Un Cádiz y una patenaY una campanilla quieroY espero, señor platero,Que ha de ser cosa muy buena.Por la paga no os dé penaQue yo la satisfaré;Las primeras que nombréHan de ser de oro muy fino,Y ahora no determinoLa campanilla de qué.

DON CARLOS DE LA TORRE

Don Carlos de la Torre y Huerta (1858-1950) es uno de los nombres emblemáticos de la ciencia cubana. Hizo estudios de Medicina, Farmacia y Ciencias Físico-Químicas y Naturales, pero, discípulo del gran Felipe Poey, se inclinó desde temprano a la Malacología, y no había cumplido aún los 18 años de edad cuando descubrió dos especies de moluscos desconocidas hasta entonces y que en su honor llevan su nombre. Aquí, donde todo se toma un poco en broma y un poco en serio, lo que quizá sea una forma del querer cubano, esa afición le valió el mote de «Carlos Caracoles». Bien pronto su sabiduría era reconocida más allá de nuestros límites geográficos.

En uno de sus viajes científicos, don Carlos llegó a Londres. Quería visitar el Museo Británico de Zoología y, una vez allí, mientras recorría una de sus salas, señalaba los errores numerosos que advertía en la clasificación de algunas especies de caracoles. Alarmado por las rectificaciones, el velador de la sala hizo llamar a Edward Smith, director de la institución, que salió disparado de su despacho para enfrentarse al extranjero que osaba expresarse de tal modo.

Ya cara a cara, le dijo:

—¿Es usted, por ventura, el cubano Carlos de la Torre?

Don Carlos respondió afirmativamente y, sin ocultar su sorpresa, preguntó con modestia si lo conocía.

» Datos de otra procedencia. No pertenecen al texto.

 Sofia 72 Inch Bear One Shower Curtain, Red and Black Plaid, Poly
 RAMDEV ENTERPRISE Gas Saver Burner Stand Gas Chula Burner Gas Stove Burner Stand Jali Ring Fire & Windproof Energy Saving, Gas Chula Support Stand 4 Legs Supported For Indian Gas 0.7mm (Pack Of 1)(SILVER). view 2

—Personalmente, no —repuso Smith a su vez—. Pero solo al doctor De la Torre, de Cuba, reconocemos autoridad suficiente para corregir una clasificación como esta.

LECUONA

Aseguran los que lo conocieron que Ernesto Lecuona no fue hombre de una vida intelectual muy profunda. Tocaba a menudo, pero no estudiaba, lo que terminó por minar sus grandes virtudes como pianista. Su pasatiempo preferido era el dominó y en su finca La Comparsa, entre el Guatao y San Pedro, donde vivió entre 1946 y 1953, disfrutaba del contacto con la naturaleza. Dice su biógrafo Orlando Martínez que allí dedicaba largas horas a la crianza de las aves de corral y a la jardinería. Vivía orgulloso de sus cinco especies de marpacíficos, de su colección de rosales (Príncipe Negro, Miniatura, Radiante, Armand, Biscuit, Catalina Lasa y Roosevelt) y de las siembras de claveles, así como de sus animales, entre los que sobresalían tres perros de Pomerania.

Los compositores favoritos de Lecuona fueron Beethoven, Chopin, Debussy y Gershwin. Detestaba la música llamada «de vanguardia» y solía ser muy hiriente en sus comentarios sobre los que la hacían. Un día, mientras conversaba con Orlando Martínez sobre uno de esos creadores, preguntó con ironía:

—¿Y ya encontró quién le toque la música?